* _Work request_:
Ignoring every picture, transcribe the data in full as it stands.

* _Data segment_:

= Beginning of Section =

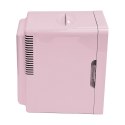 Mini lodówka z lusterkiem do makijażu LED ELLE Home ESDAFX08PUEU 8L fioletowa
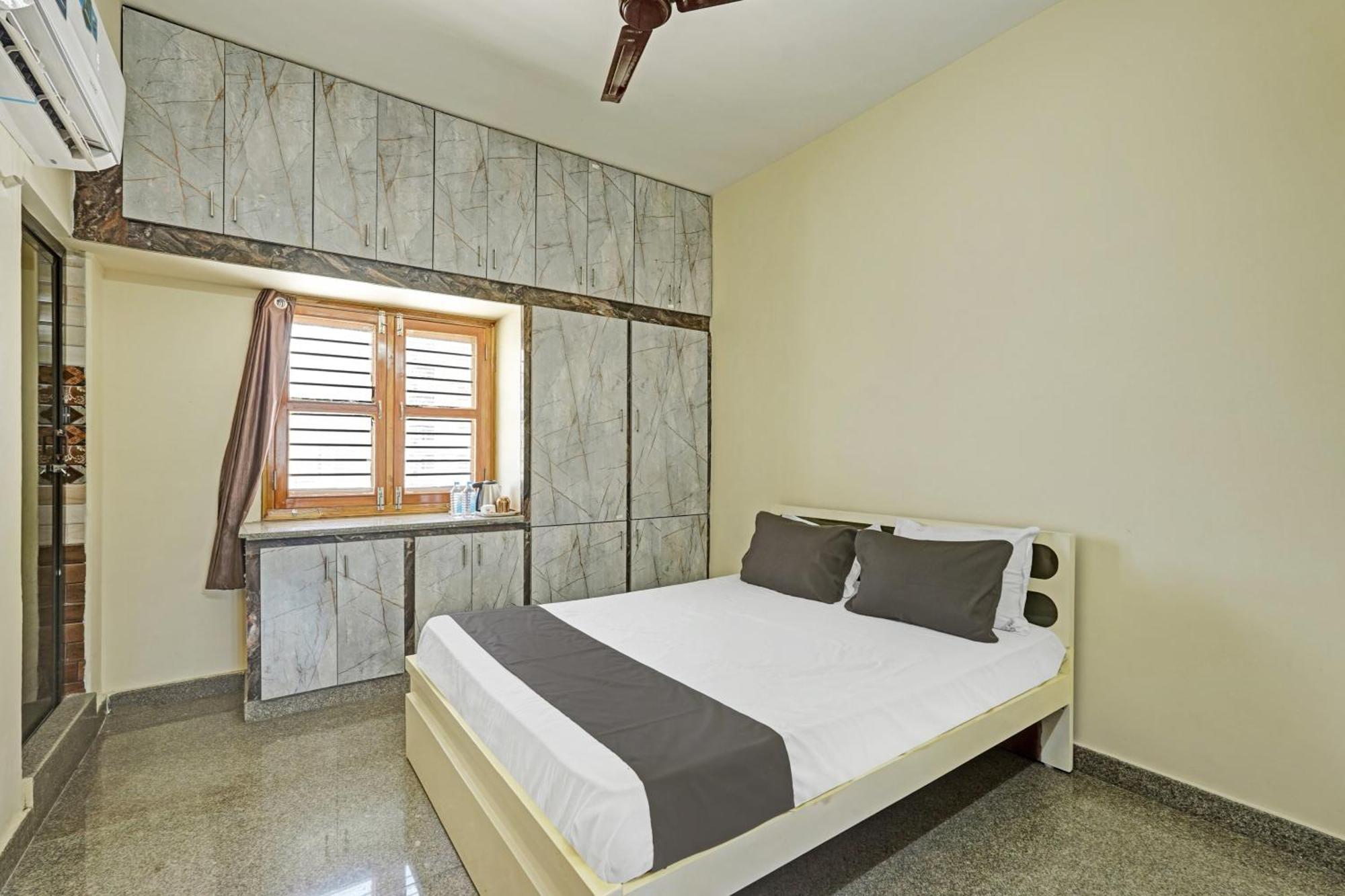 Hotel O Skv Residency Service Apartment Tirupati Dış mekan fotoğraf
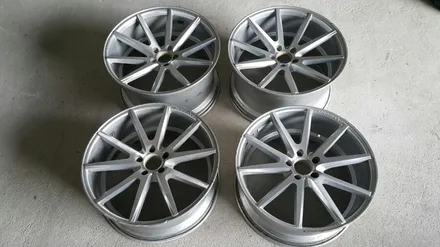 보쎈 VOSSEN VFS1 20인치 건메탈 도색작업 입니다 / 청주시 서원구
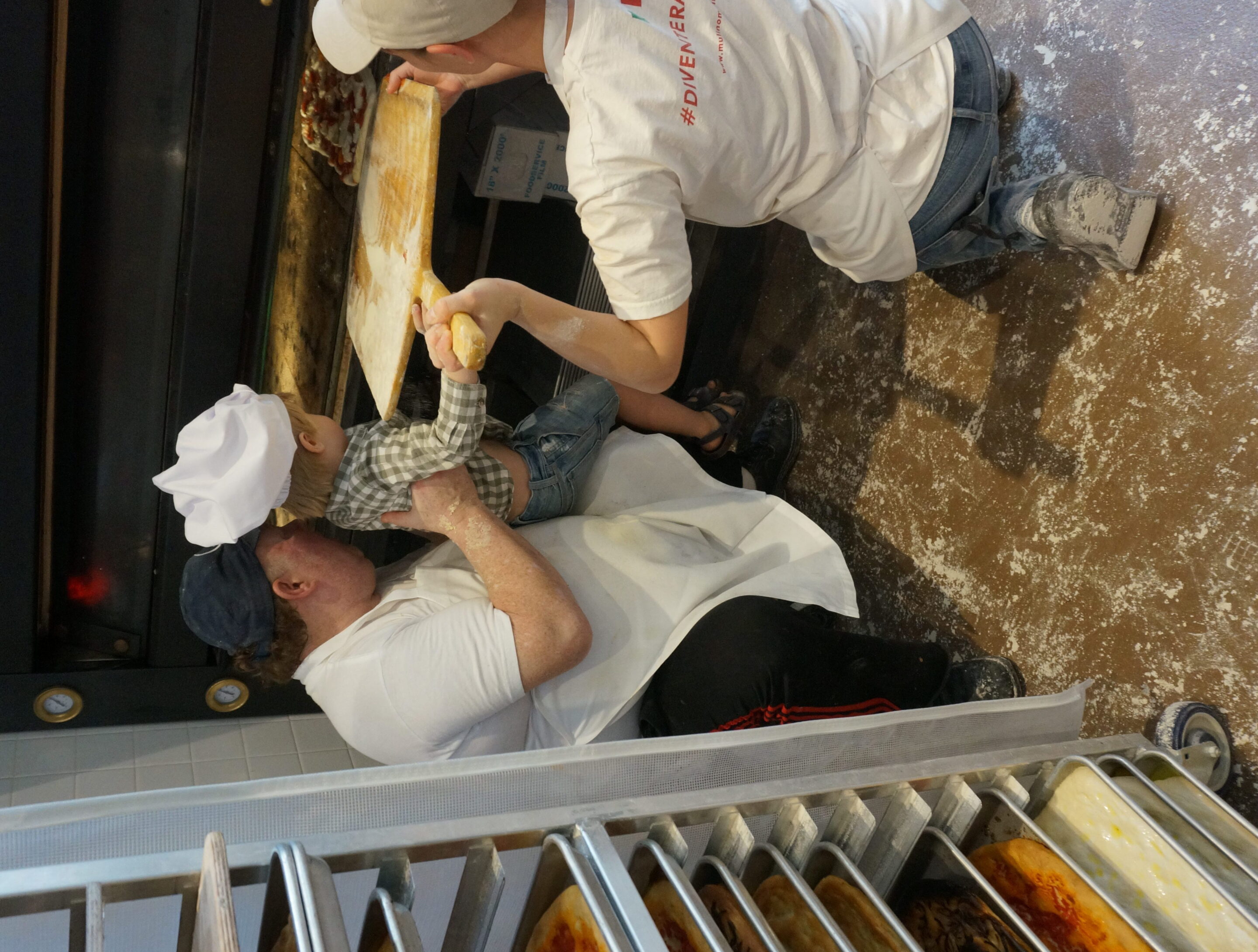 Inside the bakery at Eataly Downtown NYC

= End of Section =

* _Task output_:
 Mini lodówka z lusterkiem do makijażu LED ELLE Home ESDAFX08PUEU 8L fioletowa
 Hotel O Skv Residency Service Apartment Tirupati Dış mekan fotoğraf
 보쎈 VOSSEN VFS1 20인치 건메탈 도색작업 입니다 / 청주시 서원구
 Inside the bakery at Eataly Downtown NYC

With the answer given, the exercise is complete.